Thursday, July 17, 2008

Measuring student progress in mathematics

There are key indicators to performance in mathematics. In number/algebra teachers look for certain things at certain stages - these are defined in scope and sequence documents released by DET this year in minimum benchmark form. I think though that minimum benchmarks are poor indicators of how a system is doing. So I propose a different set that parents could use to measure performance. (Note: this is not what to teach - just a general measure of progress)

year 1-4 - Students have 1-1 number correspondence. Students have a clear understanding of place value. Students recognise the relevance of operations, understand concepts such as odd/even and ascending descending and can reconstruct multiples of numbers up to 12.
year 4/5 - Student is confident in recognising and performing all operations (+-÷x) and can recite all tables up to and including 12.
year 6/7 - Student is confident with fractional quantities including estimating, adding, subtracting and multiplying a variety of fractions with a calculator but without using the "a b/c" button
year 8 - Students can perform confidently simple algebraic operations. Students understand the connection between an equation of a line and its drawn equivalent. Students can construct an equation of a line from a table of values or a graph.
year 9 - Students can manipulate linear and quadratic equations to shift them on a cartesian plane.
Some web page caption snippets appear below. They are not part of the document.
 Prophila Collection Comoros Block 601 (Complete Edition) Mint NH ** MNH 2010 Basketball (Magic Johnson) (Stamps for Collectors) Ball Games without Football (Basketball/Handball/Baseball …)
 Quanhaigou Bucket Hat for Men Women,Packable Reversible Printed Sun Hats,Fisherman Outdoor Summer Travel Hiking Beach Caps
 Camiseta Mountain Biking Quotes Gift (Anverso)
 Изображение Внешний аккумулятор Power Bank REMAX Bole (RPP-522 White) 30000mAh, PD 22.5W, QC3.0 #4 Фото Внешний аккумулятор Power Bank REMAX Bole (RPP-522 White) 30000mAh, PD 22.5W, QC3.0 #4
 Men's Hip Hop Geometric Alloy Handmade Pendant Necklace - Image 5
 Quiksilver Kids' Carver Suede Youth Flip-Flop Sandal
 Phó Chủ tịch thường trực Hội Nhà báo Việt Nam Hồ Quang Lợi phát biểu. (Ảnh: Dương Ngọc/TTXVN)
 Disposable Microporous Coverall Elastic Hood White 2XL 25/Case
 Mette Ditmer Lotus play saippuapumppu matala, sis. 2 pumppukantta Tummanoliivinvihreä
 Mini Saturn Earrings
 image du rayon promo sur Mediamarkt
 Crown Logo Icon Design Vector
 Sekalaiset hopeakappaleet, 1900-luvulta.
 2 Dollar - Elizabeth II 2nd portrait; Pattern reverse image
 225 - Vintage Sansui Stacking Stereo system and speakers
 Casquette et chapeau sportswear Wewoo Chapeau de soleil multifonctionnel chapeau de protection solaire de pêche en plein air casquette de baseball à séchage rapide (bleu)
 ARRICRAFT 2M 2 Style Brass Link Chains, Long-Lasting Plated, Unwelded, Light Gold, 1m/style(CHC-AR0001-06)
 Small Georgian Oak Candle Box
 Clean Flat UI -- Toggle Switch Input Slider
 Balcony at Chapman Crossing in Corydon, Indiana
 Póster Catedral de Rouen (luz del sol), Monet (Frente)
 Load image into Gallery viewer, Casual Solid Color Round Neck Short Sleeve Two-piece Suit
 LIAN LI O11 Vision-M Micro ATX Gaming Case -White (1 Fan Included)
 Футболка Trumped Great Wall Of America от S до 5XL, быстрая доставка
Students can simplify confidently using index laws including negative indices and fractional indices. Students are confident at regrouping and solving simple equations.
year 10 - Students can factorise and use this knowledge to sketch and draw quadratic and linear equations. Students can plot curves, understand critical points on curves and use equations/graphs to perform optimisations, interpolate and extrapolate data.
year 11/12 - Students can use knowledge to solve complex worded problems with application in the real world including problems including statistics, calculus and numeric series.

For many parents these words make no sense - but a quick google of unknown terms can assist a parent in getting a clearer picture of what a student can do.